Congratulations, you just changed your baby’s diaper. Now, get ready to do this 6 to 8 times a day. Don’t worry, as your child grows, the need to change diapers becomes less frequent.

 Tips for Dads
  • Change the baby’s diaper frequently. Some diapers are more absorbent that others. Moreover, some can last longer and keep your baby dry. In spite of the advertised claim of the diaper brand don’t max out the capacity of the diaper.
  • You don’t need to wait for your baby to poop before changing diapers. Of course it is more economical if you do that, but prolonged used of urine-drenched diaper is not good.
  • Know the schedule of your baby so you can anticipate diaper changes.
  • Have a toy ready for your child to play with while changing diapers. A mobile or some other toy can redirect the baby’s attention.
  • Be quick but thorough. The faster you get the poop off your baby, the better.
  • Stock pile diapers at home. New born babies need more changing than older babies.
  • Check the diaper often.
  • Choose quality diapers.
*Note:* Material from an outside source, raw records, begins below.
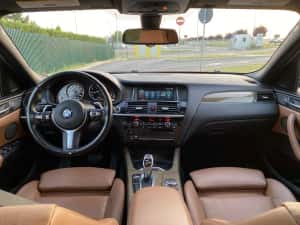 BMW X4 M40i 3.0 360 cp XDrive benzina — miniatura 7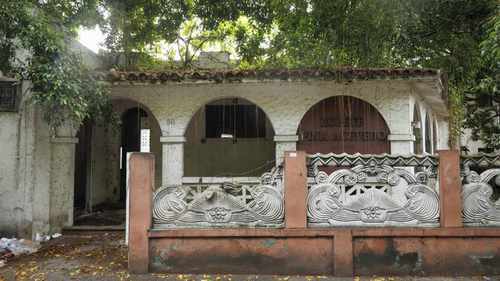 casas deshabitadas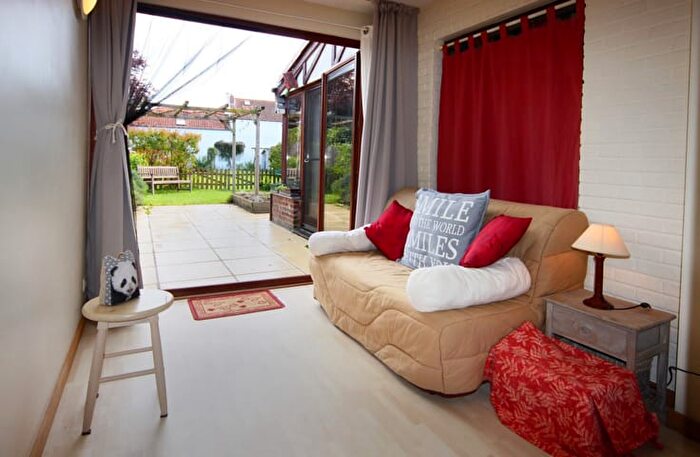 Avenue Reine Astrid, La Hulpe : Appartement 2 pièces à louer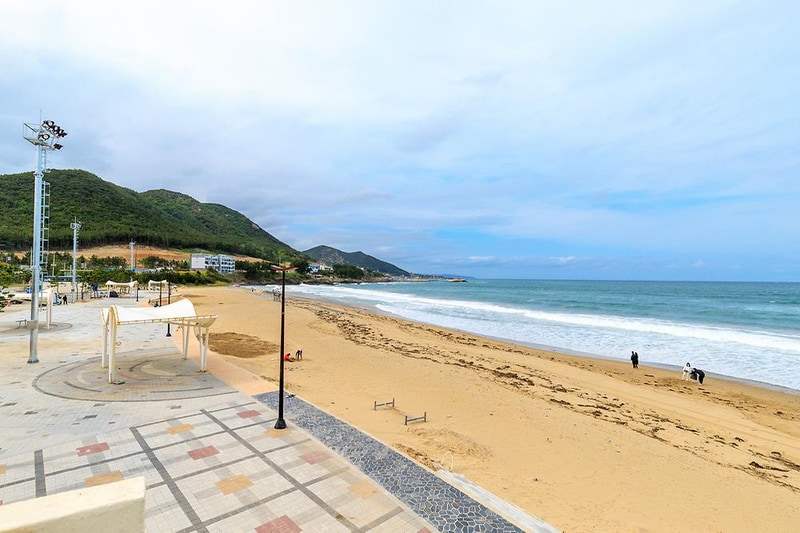 화진해수욕장 마을번영회 야영장 시설 사진 11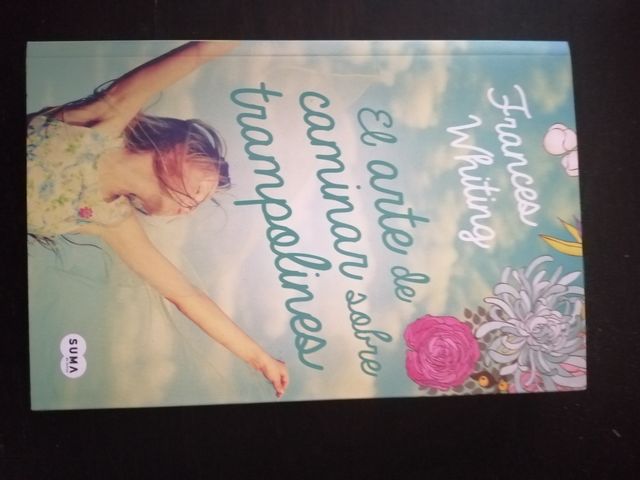 El arte de caminar sobre trampolines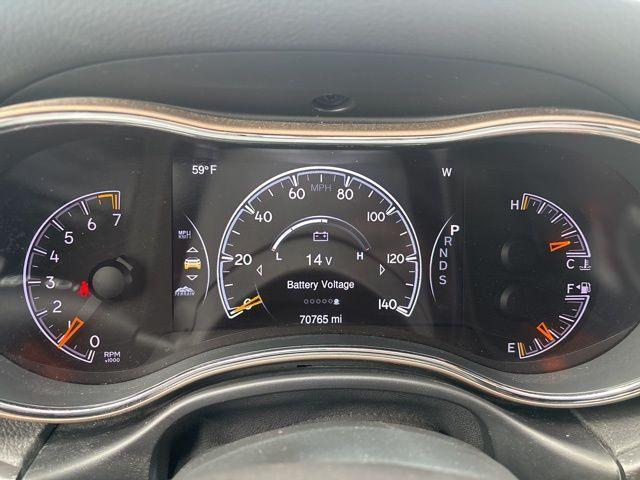 used 2015 Jeep Grand Cherokee car, priced at $16,935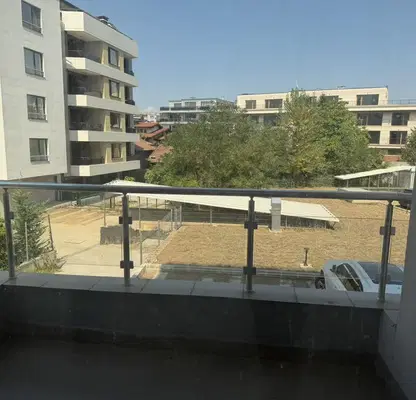 Photo 5 — Three-room apartment with two terraces in Krastova vada, Sofia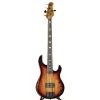 Ernie Ball Music Man StingRay 5 Bass 35th Anniversary - Spalted Sunburst - F99686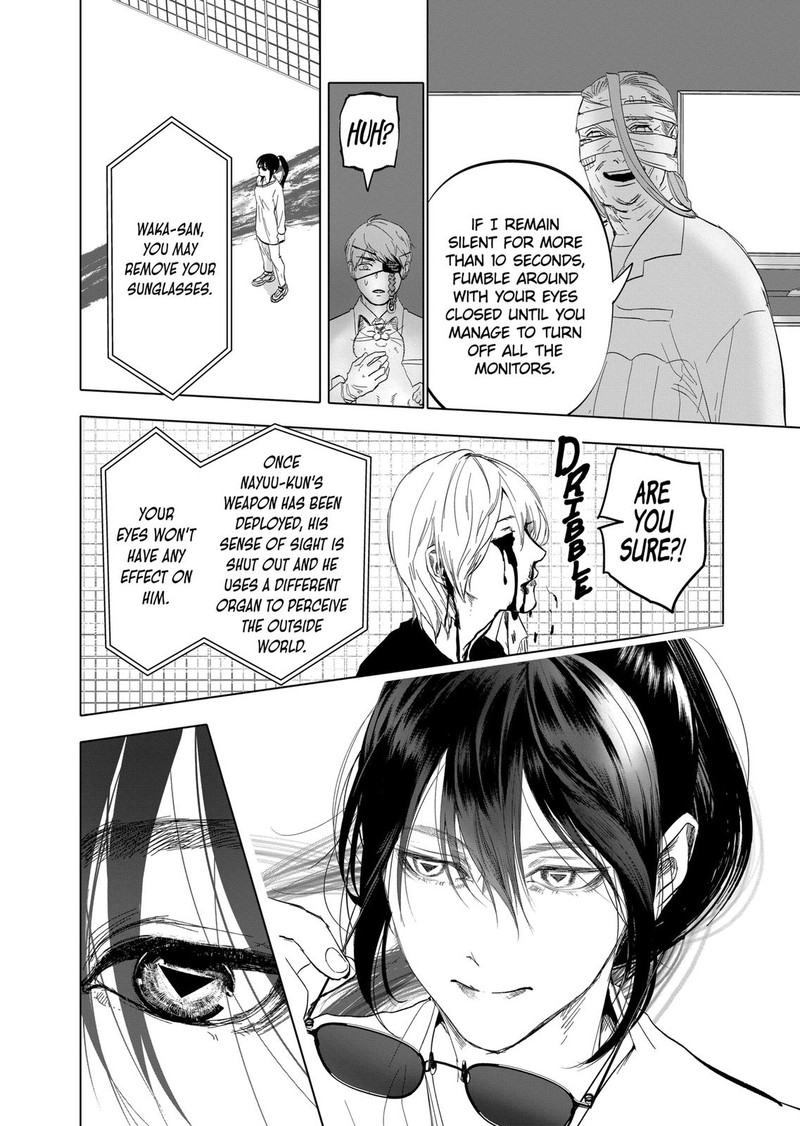After God Chapter 5 Page 8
Some diapers leak because of poor material. Others have loose fibers that can cause infections.
  • Always have extra plastic bags to place your used diapers when you go out.
  • Dispose used diapers properly.

Diaper changing is bonding time with your baby. Of course, the poop can be a turn off but spending quality time knows no limitations.

Perhaps the first few tries will still make you squeamish. However, as you change more nappies, the easier it becomes. Likewise, you will find your own technique and the best way for you to accomplish this.

I’ve done it and I’m sure all dads out there can do it as well. It’s one activity every dad should experience. When you experience changing your baby’s nappies, you’ll never look at baby poop the same way again.